In [5]:
import requests
from bs4 import BeautifulSoup
import sqlite3
import time

# -------------------------------------------------------
# 1. スクレイピング対象の GitHub リポジトリ URL
#    ※ Google organization の中から選ぶ
# -------------------------------------------------------
TARGET_URL = "https://github.com/google/googletest"

# -------------------------------------------------------
# 2. HTML を取得
# -------------------------------------------------------
def fetch_html(url):
    print(f"Fetching: {url}")
    time.sleep(1)  # 課題ルール：必ず 1 秒待つ
    response = requests.get(url)
    response.raise_for_status()
    return response.text

# -------------------------------------------------------
# 3. リポジトリ情報の抽出
# -------------------------------------------------------
def parse_repo_info(html):
    soup = BeautifulSoup(html, "html.parser")

    # リポジトリ名
    repo_name = soup.find("strong", {"itemprop": "name"}).get_text(strip=True)

    # 使用言語
    language_tag = soup.find("span", {"itemprop": "programmingLanguage"})
    language = language_tag.get_text(strip=True) if language_tag else "Unknown"

    # スター数
    star_tag = soup.select_one("a[href$='/stargazers']")
    raw = star_tag.get_text(strip=True).lower() if star_tag else "0"

    # "37.5k" → 37500
    raw = raw.replace("stars", "").strip()

    if raw.endswith("k"):
        stars = float(raw[:-1]) * 1000
    else:
        stars = float(raw)

    return repo_name, language, int(stars)

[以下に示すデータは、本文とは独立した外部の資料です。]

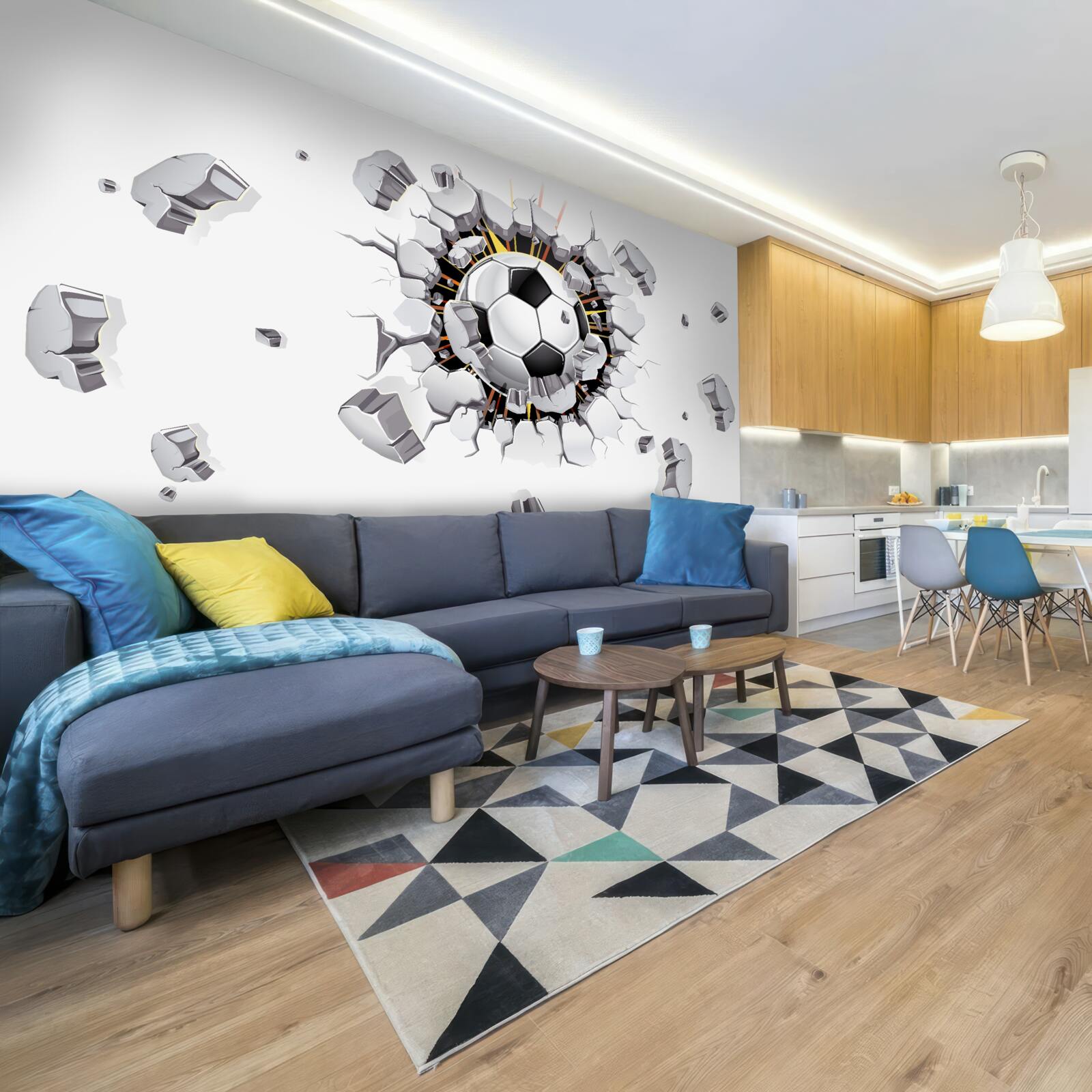 Fototapeta Ściana została przebita piłką nożną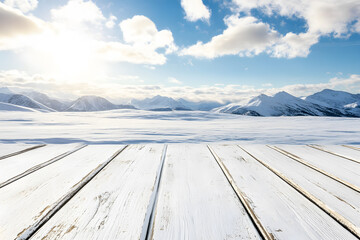 Empty white wooden floor or table podium. Landscape mountain surrounded by snow is background. Blue sky with white clouds, bright sunlight. Abstract Texture. Advertising display.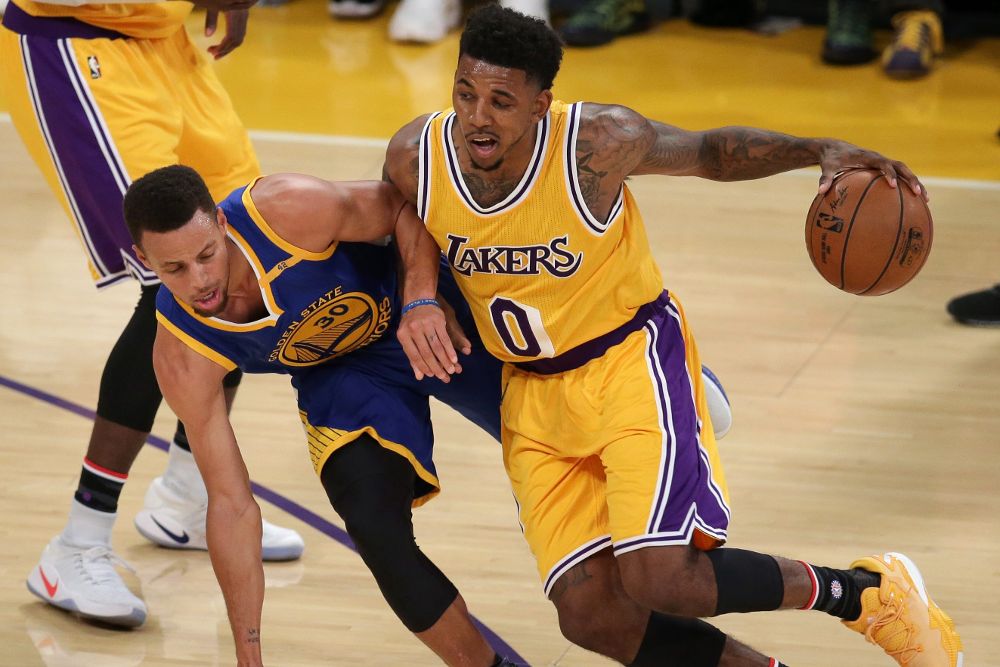 Stephen Curry (i), de Golden State Warriors, en acción contra Nick Young, de Angeles Lakers.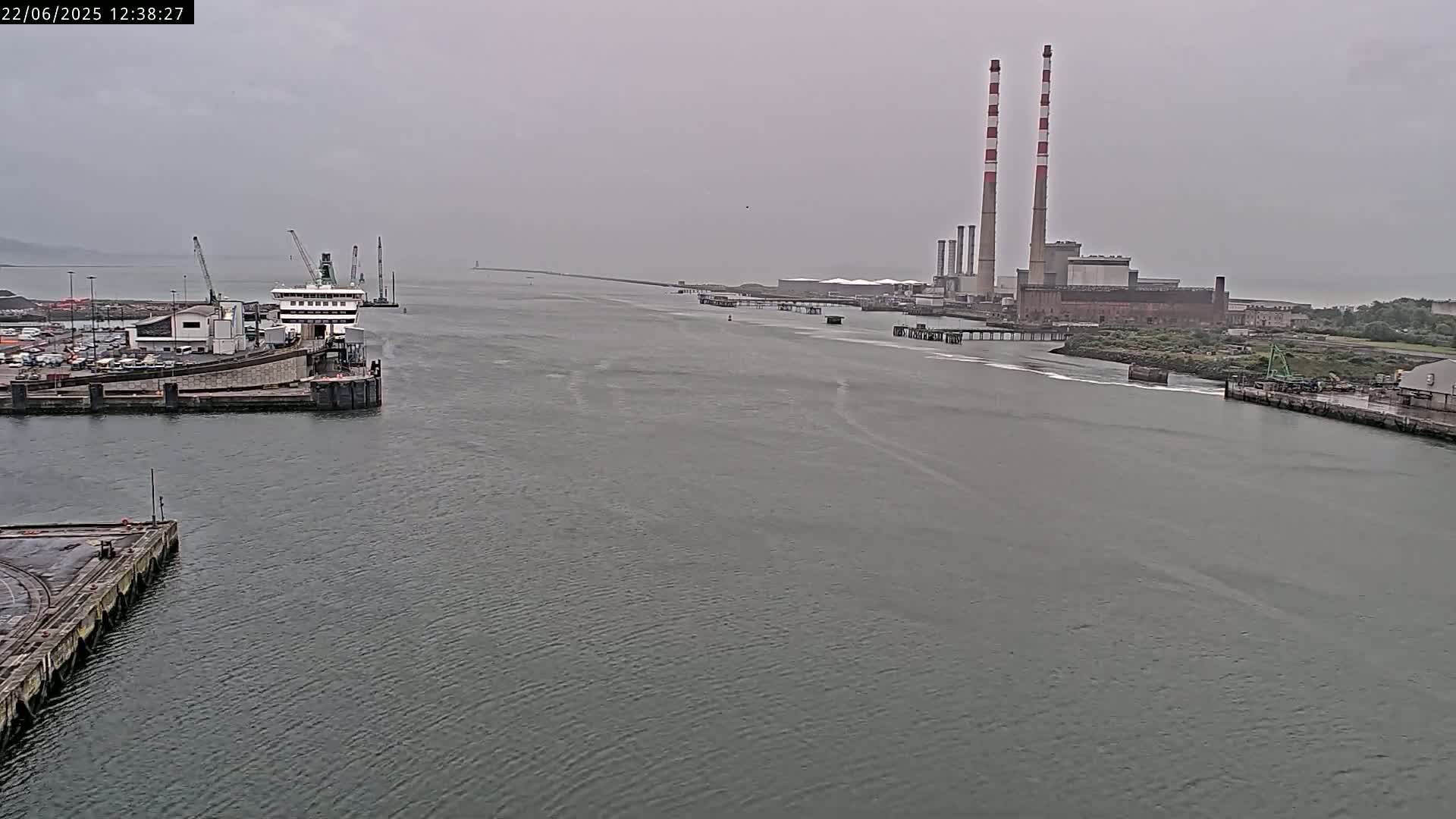 A ferry is docked at a port on an overcast day, with a power plant visible in the background across a calm body of water.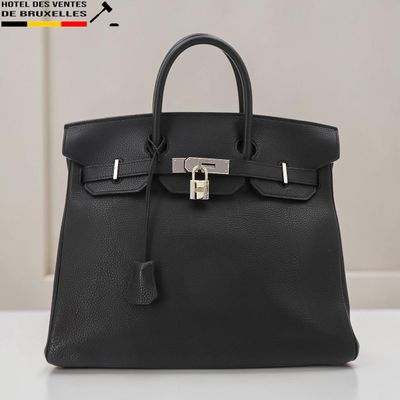 un sac à main en cuir noir posé sur une table blanche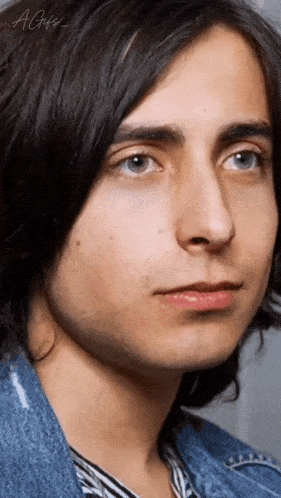 a close up of a young man 's face with the letters agfs on the bottom right
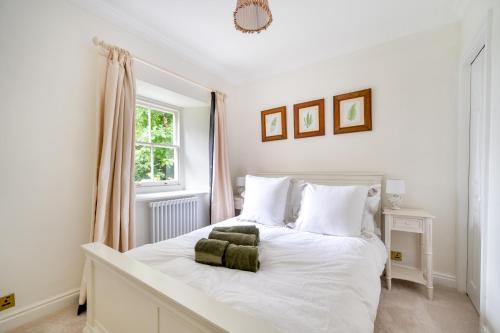 a bedroom with a white bed with two green towels on it at Idyllic Waterside Cottage in Mid Devon in Tiverton
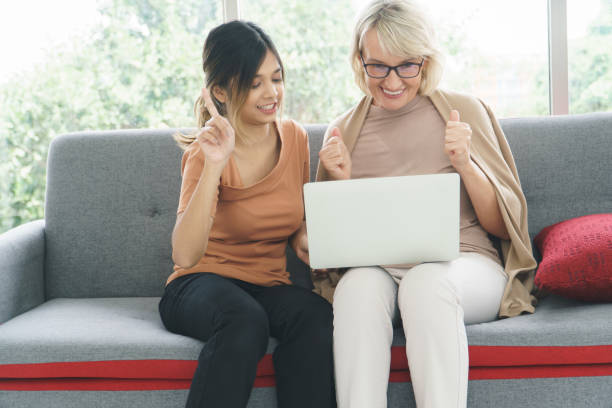 istock The mother and daughter are at home using the laptop. 1271069062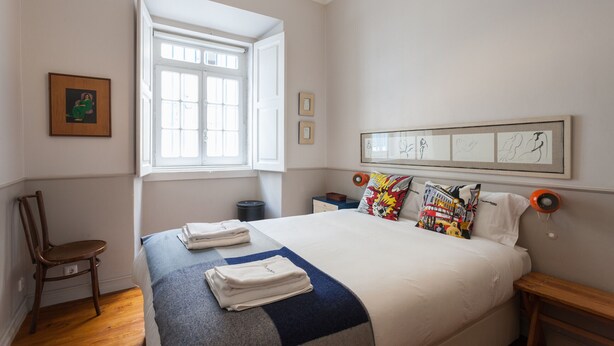 A neatly arranged bedroom with a large bed, a chair, a window, and a framed artwork on the wall. - FLH Janelas Verdes Charming Flat (Lisbon)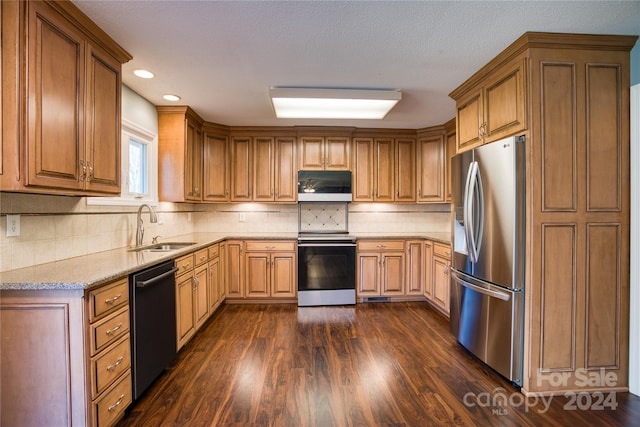 kitchen with dark hardwood / wood-style flooring, decorative backsplash, sink, light stone countertops, and appliances with stainless steel finishes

# -------------------------------------------------------
# 4. DB 作成
# -------------------------------------------------------
def init_db():
    conn = sqlite3.connect("repos.db")
    cur = conn.cursor()

    cur.execute("""
        CREATE TABLE IF NOT EXISTS repos (
            id INTEGER PRIMARY KEY AUTOINCREMENT,
            name TEXT,
            language TEXT,
            stars INTEGER
        )
    """)

    conn.commit()
    return conn, cur

# -------------------------------------------------------
# 5. データ保存
# -------------------------------------------------------
def save_to_db(cur, conn, name, language, stars):
    cur.execute(
        "INSERT INTO repos (name, language, stars) VALUES (?, ?, ?)",
        (name, language, stars)
    )
    conn.commit()

# -------------------------------------------------------
# 6. SELECT して表示
# -------------------------------------------------------
def show_all_repos(cur):
    cur.execute("SELECT * FROM repos")
    rows = cur.fetchall()

    print("\n=== Saved Repositories ===")
    for row in rows:
        print(row)

# -------------------------------------------------------
# main
# -------------------------------------------------------
def main():
    # 1. HTML 取得
    html = fetch_html(TARGET_URL)

    # 2. パースして必要情報を抽出
    name, language, stars = parse_repo_info(html)
    print(f"\nScraped Repository:")
    print(f"Name: {name}")
    print(f"Language: {language}")
    print(f"Stars: {stars}")

    # 3. DB 初期化
    conn, cur = init_db()

    # 4. DB 保存
    save_to_db(cur, conn, name, language, stars)

    # 5. SELECT 表示
    show_all_repos(cur)

    conn.close()


if __name__ == "__main__":
    main()


Fetching: https://github.com/google/googletest

Scraped Repository:
Name: googletest
Language: Unknown
Stars: 37500

=== Saved Repositories ===
(1, 'googletest', 'Unknown', 37500)